Whether you grabbed lunch today from a vending machine, stopped by a coffee shop or sat down at one of the dining halls for a meal, these dining options have one thing in common: They promote caffeine consumption.
Although Case Western Reserve University doesn’t have any sort of campaign or initiative to increase caffeine consumption, it is very prevalent and a growing part in a student’s day-to-day life, whether or not they noticed. There’s a huge selection for students to get their caffeine fix: From Cool Beanz in the Tinkham Veale University Center to Starbucks in The Village, and the SAGES Cafe in Crawford Hall to The Coffee House on Juniper Road the options seem endless. There’s always a coffee or energy drink option at the dining halls. Finally, there are also coffee vending machines throughout campus.
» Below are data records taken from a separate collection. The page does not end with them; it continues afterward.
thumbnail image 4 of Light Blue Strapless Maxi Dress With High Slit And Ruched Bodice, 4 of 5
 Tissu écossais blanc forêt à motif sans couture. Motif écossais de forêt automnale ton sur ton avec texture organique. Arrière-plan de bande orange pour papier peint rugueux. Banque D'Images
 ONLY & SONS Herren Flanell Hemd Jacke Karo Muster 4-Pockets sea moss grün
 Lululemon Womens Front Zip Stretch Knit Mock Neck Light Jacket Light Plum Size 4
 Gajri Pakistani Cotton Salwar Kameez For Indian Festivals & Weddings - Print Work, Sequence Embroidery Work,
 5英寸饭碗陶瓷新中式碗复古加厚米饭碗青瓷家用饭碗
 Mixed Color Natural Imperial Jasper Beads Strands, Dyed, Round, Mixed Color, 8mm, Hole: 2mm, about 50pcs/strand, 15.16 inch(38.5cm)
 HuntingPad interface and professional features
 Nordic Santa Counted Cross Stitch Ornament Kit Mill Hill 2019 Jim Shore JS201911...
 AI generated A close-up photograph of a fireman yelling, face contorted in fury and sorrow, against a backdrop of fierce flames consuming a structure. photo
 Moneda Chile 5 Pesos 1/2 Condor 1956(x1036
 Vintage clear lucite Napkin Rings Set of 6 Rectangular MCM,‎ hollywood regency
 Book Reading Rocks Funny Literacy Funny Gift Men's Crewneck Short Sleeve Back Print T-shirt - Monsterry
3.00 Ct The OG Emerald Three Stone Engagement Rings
Here’s a challenge: Find a beverage vending machine that doesn’t have an energy drink option.
So, why is this important? CWRU ranks pretty high up on the sleep deprivation scale. An average student will get 6.71 hours of sleep on a given weekday, whether or not it’s by choice. A student may lose sleep due to too much homework, or because they wanted to stay up for something mundane, like playing a video game. The fact of the matter is that students, somehow, aren’t getting enough sleep, and that’s where the issue of caffeine comes in.
On one hand, students need caffeine. It helps keep them aware despite not getting adequate amounts of sleep, and allows them to function even when low on energy. It keeps them from accidentally falling asleep in class, or from passing out before they can finish all their homework for the night. Some say it can even help with athletic performance.
On the other hand, consuming caffeine comes with a price. It makes it harder for students to fall asleep when it’s still in their systems, and thus keeps them up longer than intended. It can cause tremors, achy muscles and can even increase anxiety. Once your body is used to having it, you can get addicted to it, and not ingesting caffeine can lead to headaches, irritability and drowsiness. In certain situations it can cause heart problems, even for young people like CWRU students.
That’s the issue. No one can really say whether caffeine is good or bad, because it has both its ups and downs. The only real conclusion is that it doesn’t fix the actual root of the problem. Students who turn to caffeine do so because they already aren’t getting enough sleep, and only some of that blame can be placed on the students themselves.
We can look for others to blame. We can always say it’s because the professors give us too much work, but most of them, believe it or not, don’t like making students suffer. We can say it’s because the administration requires too much of us in a given semester, but they have guidelines they need us to follow if we want to graduate on time.
It just seems to be a nasty cycle. Students don’t get enough sleep, they ingest some sort of caffeine, they lose sleep because of the caffeine, but they can’t stop drinking it. On top of that, there isn’t a simple way to fix the sleep issue. But we know there are students who survive without caffeine and those who actively avoid it. These students give us a glimmer of hope that even though caffeine seems to be the Holy Grail of solutions, we can achieve success without depending on it.
Hanna Kadlec is a second-year English major with minors in sociology and creative writing. She is also an avid coffee and energy drink consumer.